When I think of the Juicy brand, all I can think of are those horrid velour tracksuits that made them popular in the first place. Those velour tracksuits were copied by all the mall brands and were seen on every preteen princess with all manner of silly things written across the ass. Not only do they scream of poor taste, but also of unintelligence or ditzyness (due to the likes of celebretards like Paris Hilton).

I just feel that their brand equity is lost, similarly to the way burberry has suffered due to the "chav" situation in the UK. 

I agree with the poster above who said that they wouldn't wear this brand to a job interview and the other poster who said it doesn't come off as sophisticated. 

Yes, your own style is up to you to define, and your age shouldn't limit you etc etc.

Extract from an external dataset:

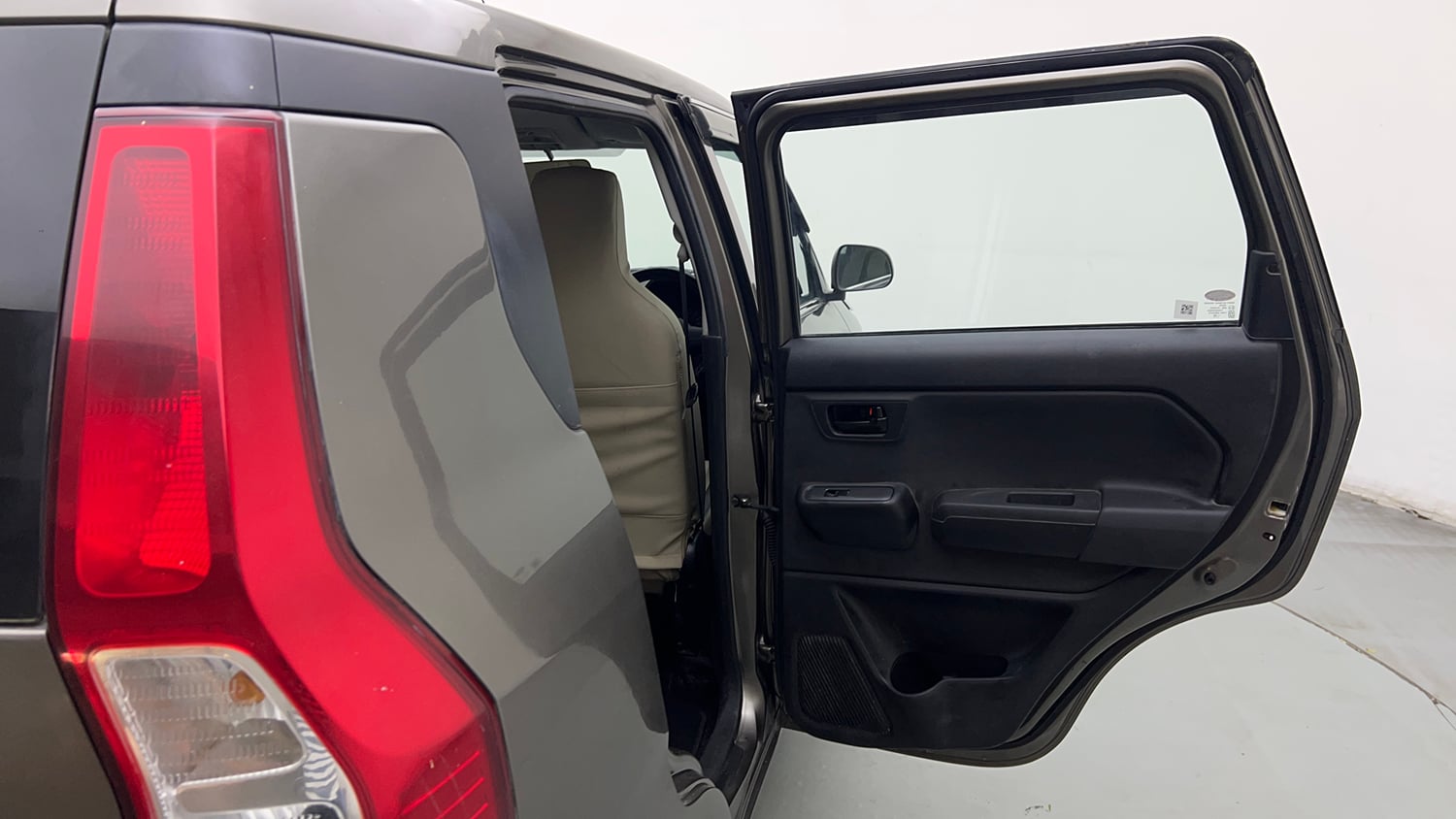 Used 2020 Maruti Suzuki Wagon R LXi (O) 1.0 CNG Cng Manual interior RIGHT REAR DOOR OPEN VIEW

This is true in a perfect non-judgemental world, however in reality there are parameters. For the same reason we don't go to an office job in a bikini. That is a more obvious example. We live in a world where other people's perceptions of us are shaped by our appearances. And to me, Juicy Couture brand items do not give me a good impression. Sorry, thats just me being judgemental.


----------



## MiCHiE (Mar 18, 2008)

WOW. Sure, you wouldn't wear a bag like that to a job interview (depending on the job you're going for) but it's *a bag*, not a tattoo on your forehead. You could easily switch bags, apply for a job and still be your bubbly self in the end. If a person looked at my bags and assumed anything about me, God help them. They would probably be wrong 9 times out of 10.


----------



## Hilly (Mar 19, 2008)

I think the bags that distinctively yell "Juicy Couture!!!" in green letters on a furry pink bag scream young girl. But the one you chose is a nice grown up bag.


----------



## jilliandanica (Mar 19, 2008)

I don't think Juicy is just for preteens. It's actually for all ages nowadays. I think Juicy evolved into a mommy and me type brand and now "dress the whole family"..daddy, mommy, kid and dog.  Sure some of the color combos can be questionable but like others have said, they do design some conservative pieces and it's really up to personal style. Juicy is a very playful, girly line and it plays it up to the max. It's all about fun! The bag you picked out is gorgeous. It's a classic shape bag with great accents. I say go for it 
	

	
	
		
		

		
		
	


	




I mean if you really think about it...we're all makeup lovers...going for the radioactive greens or seductive reds...anything colorful and fun...why should it stop with our makeup?


----------



## xsnowwhite (Mar 19, 2008)

that one you like is ADORABLE! i see some young girls with the brightly colored velour bags but nothing like the one you're looking at. I think if you like it go for it. I have a few juicy bags and i love them and i always get compliments


----------



## kimmy (Mar 20, 2008)

i have a black velour baby fluffy, and i'm going to be twenty in a few months. i don't dig the strawberry fields designs, i think they're kind of a little too youthful...but i'm partial to the crest and old english writing.


----------



## liv (Mar 20, 2008)

I personally find *most* Juicy Couture stuff to be aimed at junior high school girls.  When they are bright, sometimes obnoxious colors, have cutesy phrasings on the bags (everyone loves a Juicy girl, or things like that), and are made of terry cloth, then yes, I think they are juvenile and not very sophisticated.  I too brand associate Juicy to their tracksuits, and sweatpants that say Juicy across the rear, so I don't think that one of their branding images is to be sophisticated and classic.  I think it's meant to be a little tacky/gaudy, fun, and out there.  The only Juicy bag I ever liked was all leather, and didn't have any obvious branding on it (like the one you linked to), but it was a very impractical pale pink and was $500, so I passed.  However, I tend to not like bags that are too recognizable as a brand (I dislike logo/monogrammed bags in general), and if I had the money to spend on a bag, I would choose a hayden-harnett, or one from anthropologie. 

Just my two cents.


----------



## Asphyxia (Mar 22, 2008)

I'm a 27 year old college woman with no children and I just purchased my first Juicy bag in Jan. I love the space the daydreamer has to offer (plus the heart mirror). I do agree that some of their bags are made to target younger girls, but I've been wanting a Juicy bag since I was like 22. I only wear it to school or when I go shopping/out to dinner with friends. It's black velour with off-white Juicy logo.


----------



## ginger9 (Mar 23, 2008)

I know what you mean K, I'm in my 30s and although I think some of the bags are cute, I don't think I would venture to purchase a JC bag. Like you, I am not here to judge but personally JC is not really my style and even if I got one as a gift I wouldn't get much milage out of it. I work for a bank, I think this is as coservative as it gets so I wouldn't be carrying it to work. 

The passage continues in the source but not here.